“Besides the countless particular miracles that we comprise, there is that supreme irregularity – the fact that anything exists at all. Most unnaturally, there is not just Nothing. How adroit for It to happen! How deserving of our congratulations It is, for having arranged its quite impossible existence! After that, what are a few billion universes more or less.”
These words are from Douglas Harding’s epilogue to The Hierarchy of Heaven & Earth (1) published on the recommendation of C. S. Lewis, distinguished scholar and Inkling. Lewis’ introduction places it among “philosophies that have some of the same qualities as works of art”, and he is reminded in that respect of Hermann Hesse’s Glass Bead Game.
Harding describes his work as “an unconventional attempt to discover, for myself and in my own way, what I am and what I amount to in the universe. What am I? That is the question. Let me answer it as honestly and simply as I can, forgetting the ready-made answers.”
Harding also has the courage to declare that he has not found an answer. Instead, he has entered a state of “amazed reverence” that reveals his whole inquiry as both “absurd” and “a needful absurdity”. He finds that “because all my roots are in the Undiscoverable, I also am undiscoverable: I will not bear inspection, and can never make head or tail of myself. Self-knowledge is the smouldering wick that is left after the light of wonder has been put out. … If this book quenches the feeblest flame of awe, of direct awareness, in myself or anyone else, then it were better never to have written it”.

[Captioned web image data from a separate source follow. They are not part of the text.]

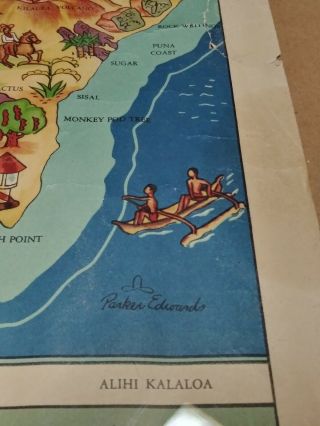1937 Dole Pineapple Map of Hawaiian Islands Poster Hawaii 4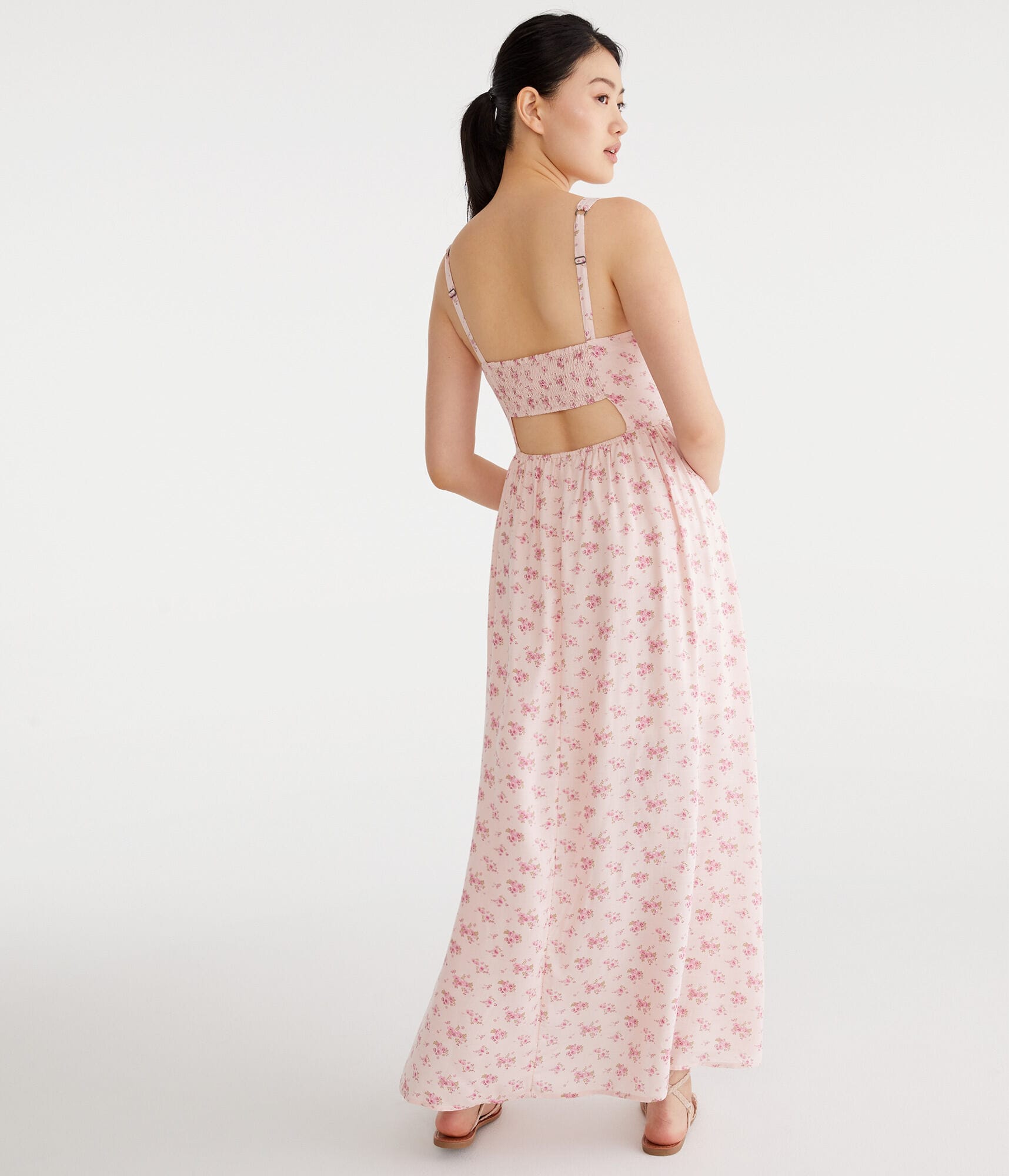 Floral Sweetheart Open-Back Maxi Dress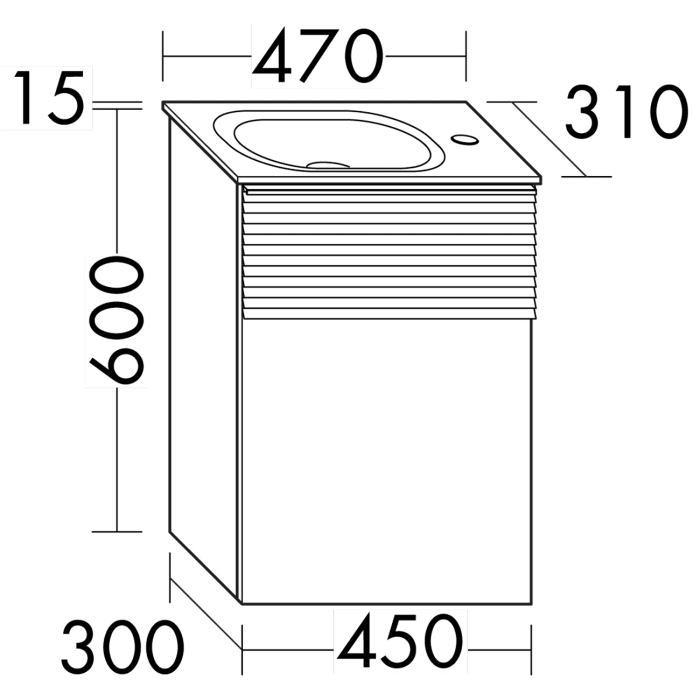 burgbad Fiumo Mineralguss-Waschtisch mit Unterschrank 47 cm, mit 1 Tür mit mit Plissée-Struktur Anschlag links, mit Griff G0223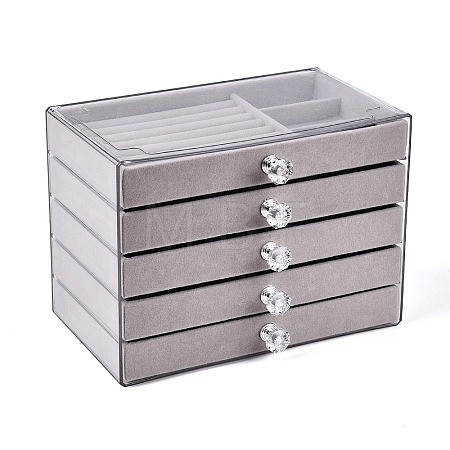 5-Tier PET Plastic Jewelry Storage Drawer Boxes CON-N016-01B-1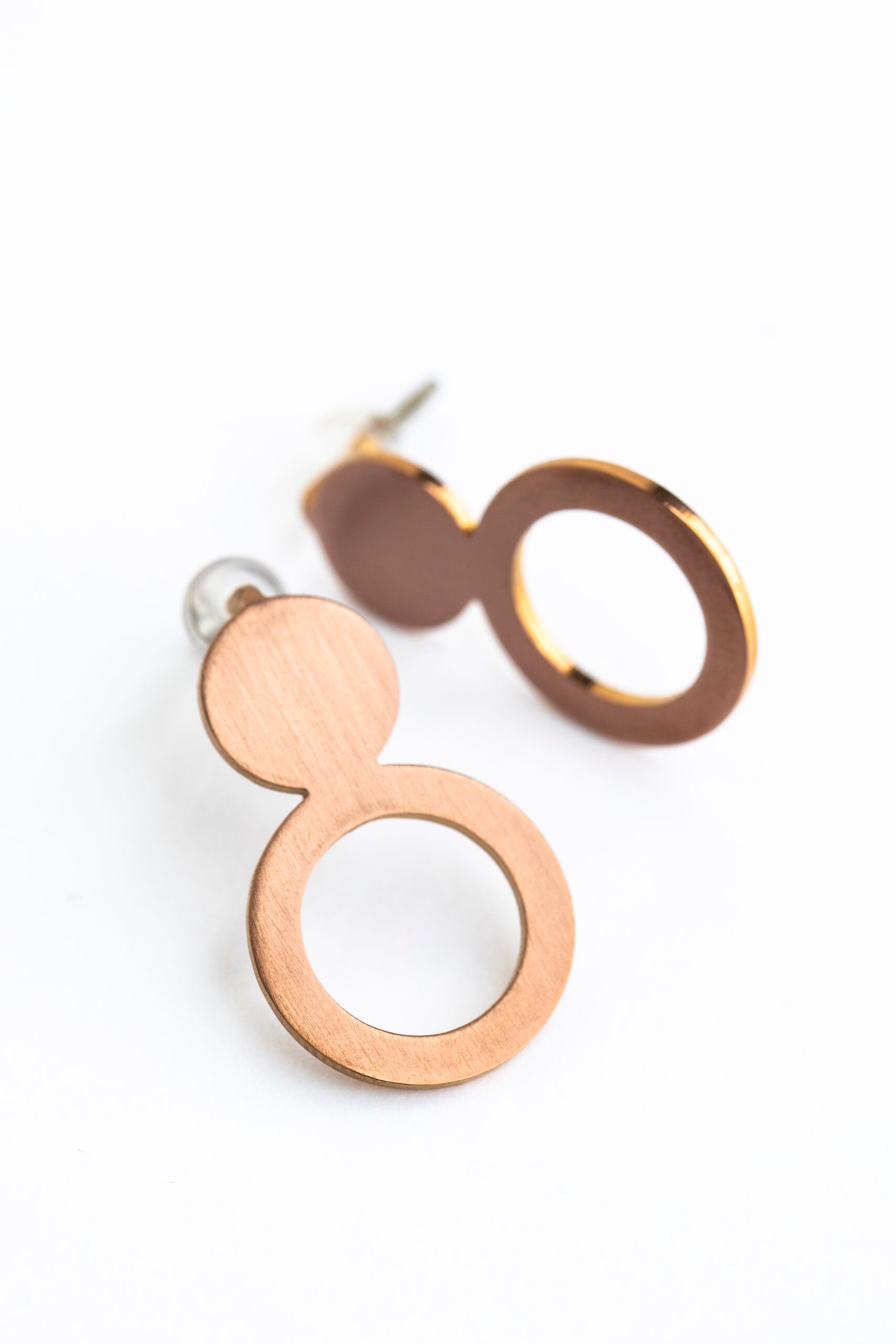 Rose Gold Arc Shaped Earrings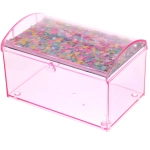 Шкатулка пластиковая с зеркалом «KiKi HAUS», сундучок, цвет розовый, 14.5*9.5*9см (в пакете)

Harding did not end his inquiry with The Hierarchy of Heaven & Earth. Instead, he went on to become a midwife of direct awareness, and The Headless Way (https://www.headless.org) was born. Where The Hierarchy of heaven & Earth is concerned with exuberant yet disciplined system building, Harding’s later work challenges each of us to ‘look for yourself’ using a set of experiments, now accessible on The Headless Way website. I reported an early, intensive experience of them on return from a four day retreat with the Headless Way in 2016 – https://contemplativeinquiry.blog/2016/07/28/look-for-yourself/ Interestingly, my wrap-around commentary, especially the post-workshop phase, would now be a little different from the one in that post, while my report of the direct experience remains the same. In my current practice, I particularly draw on a seven point version of the experiments presented in Head Off Stress (2).

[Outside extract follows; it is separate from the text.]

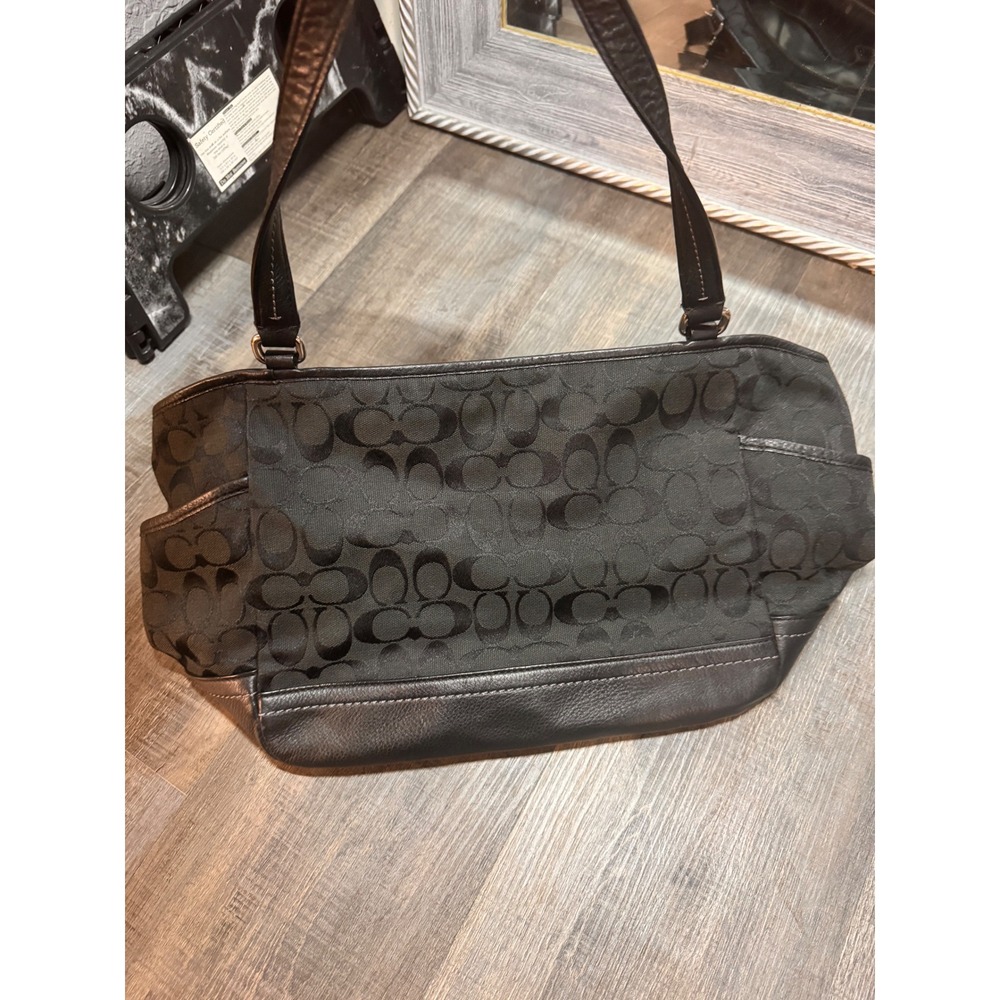 Coach Signature Black Canvas Leather Tote Shoulder Bag - Picture 5 of 9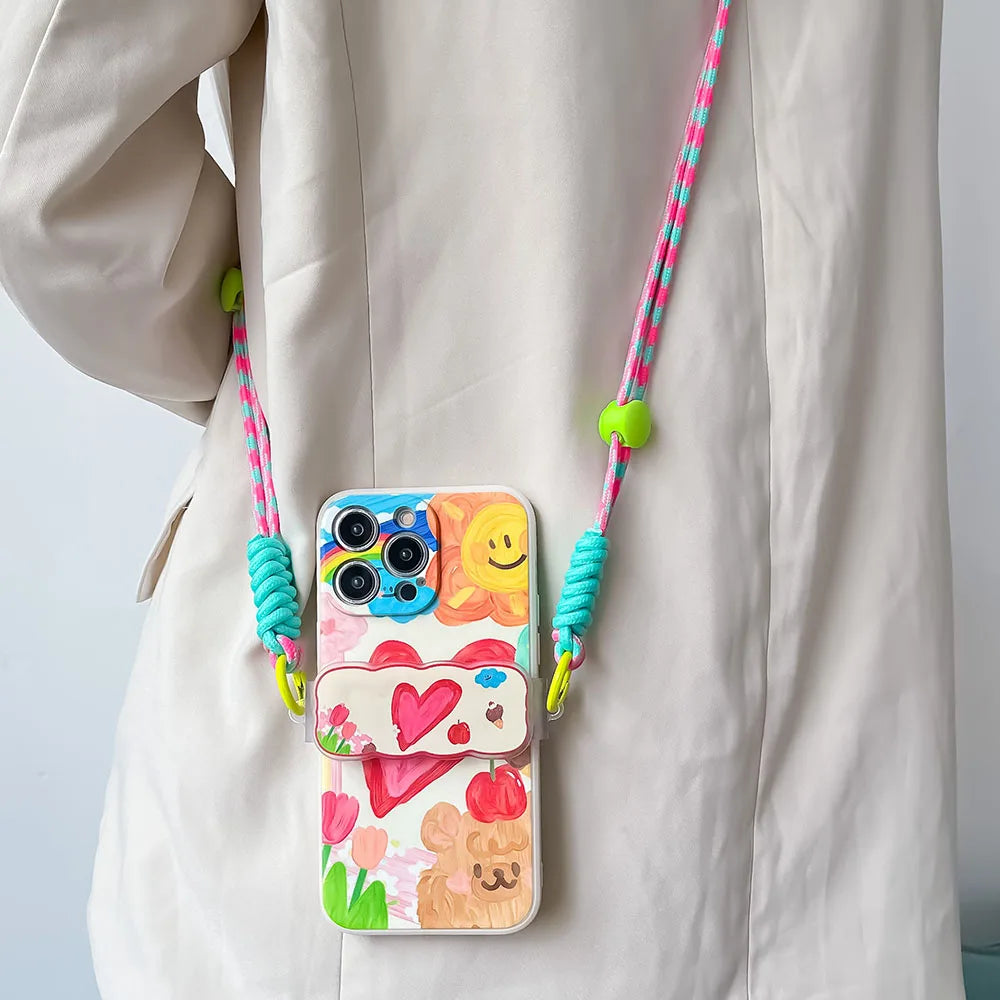 For iPhone Lanyard Bracket Chain Crossbody Phone Strap Case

I never met Douglas Harding in person – my discovery of the Headless Way is too recent. But his writing and recorded material show never-ending wonder at the miracle of existence. They also show his passion for facilitating a transformative recognition of who we really are, and then to live from that recognition.
“I certainly don’t find myself
on the brink of a bottomless abyss,
trying to make up my mind
whether to let go and take that dreadful plunge.

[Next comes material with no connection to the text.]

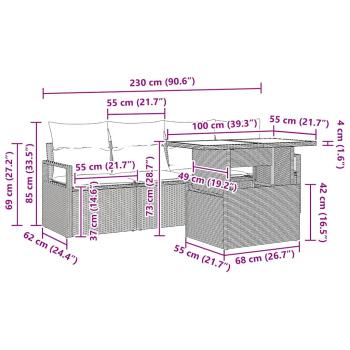 5-teiliges Garten-Sofa-Set mit Kissen, Schwarz Poly-Rattan, 2-Sitzer Garten-Sofa mit Kissen, Schwarz Poly-Rattan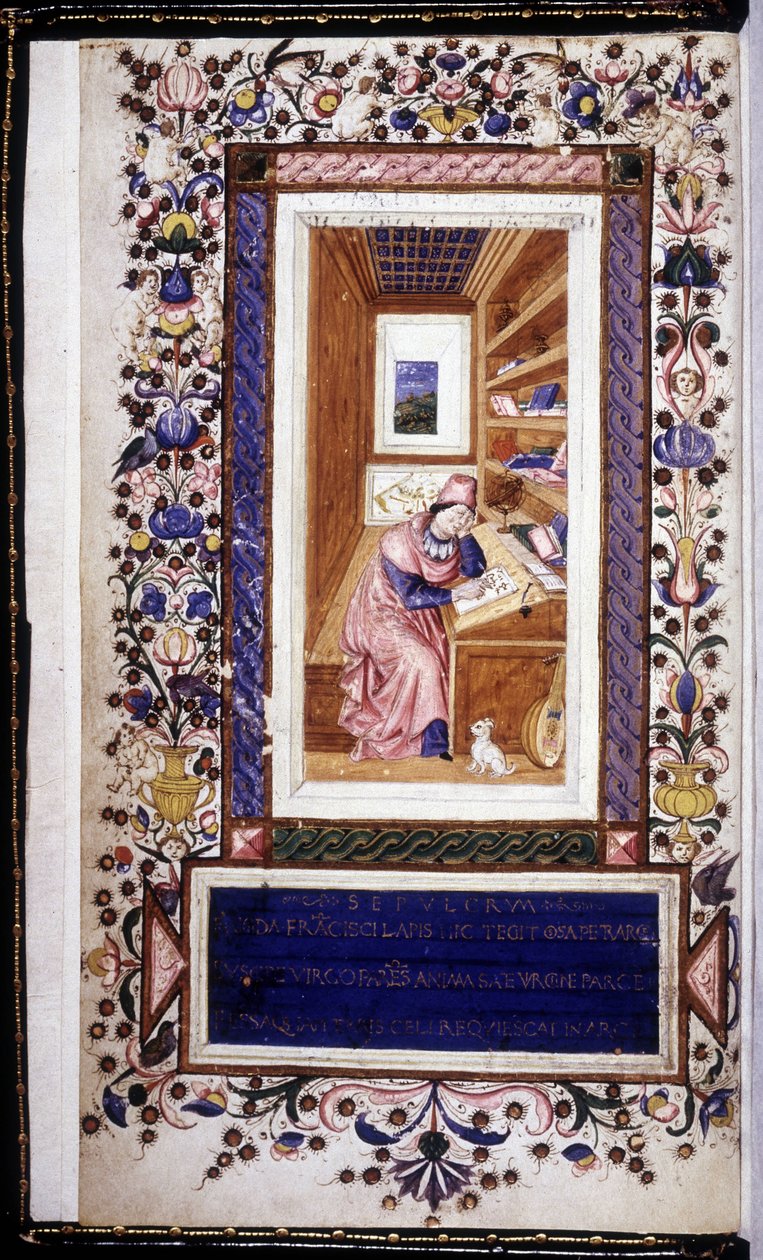 Francesco Petrarca (Petrarch) (1304 - 1374), miniatura do século XV. Bibioteca Trivulziana. Milão de Unknown artist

I am already clear of the brink
and have never been otherwise.
To see this,
all I have to do is look for myself,
and fail to find myself, and find instead
the treasure that has no name
in the well
at the world’s end.”
(1) D. E. Harding The Hierarchy of Heaven & Earth London: The Shollond Trust, 2011 Introduction by C. S. Lewis. (Abridged edition – original edition published by Faber & Faber in 1952)
(2) D. E. Harding Head Off Stress: Beyond the Bottom Line London: The Shollond Trust, 2009 (Originally published by Arkana in 1990)
(3) Douglas Harding Everyday Seeing: daily meditations on the One within London: The Shollond Trust, 2019 (Quotations selected by Richard Land)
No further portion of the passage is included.